A breath analyzer may be able to identify gastric cancer, a study discovered.
“Detection of disease by means of volatile organic compounds from breath samples using sensors is an attractive approach to fast, noninvasive and inexpensive diagnostics. However, these techniques are still limited to applications within the laboratory settings,” the researchers explained. “Here, we report on the development and use of a fast, portable, and IoT–connected point‐of‐care device (so‐called, SniffPhone) to detect and classify gastric cancer to potentially provide new qualitative solutions for cancer screening.”
A total of 274 patients were stratified into three groups: those who had gastric cancer (n=94), patients with high-risk precancerous lesions (n=67), and controls (n=113). Two SniffPhones were used to analyze patients’ breath. The researchers implemented linear discriminant analysis (LDA) as a classifying model of the sensing signals that were derived from the patients. There was a second device added to the testing step.
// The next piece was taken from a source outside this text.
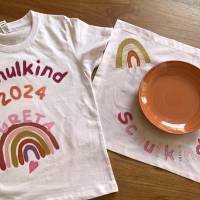 Personalsierbares Tischset Schulkind & Einschulungsshirt *Regenbogen*, Kombiangebot, Tischdecke, 1.Schultag, Schultüte, Bild 1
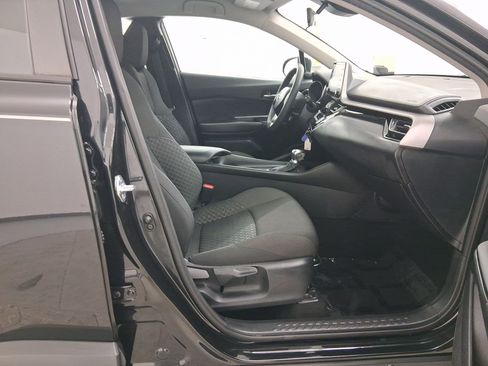 Used 2021 Toyota C-HR LE image 28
When using the two-device LDA model, the researchers observed “a clear discrimination” between patients with gastric cancer versus controls: the area under the curve was 93.8%, sensitivity was 100%, specificity was 87.5%, and overall accuracy was 91.1%. Among patients with dysplasia, the outcomes were also considered acceptable: area under the curve, 84.9%; sensitivity, 45.2%; specificity, 87.5%; and overall accuracy, 65.9%. Although accuracies were lower in the test-phase analysis, the researchers stated they could still be considered “clinically useful.”
The study was published in Cancer.
“Our results demonstrate that a portable breath sensor device could be useful in point‐of‐care settings. It shows a promise for detection of gastric cancer as well as for other types of disease.”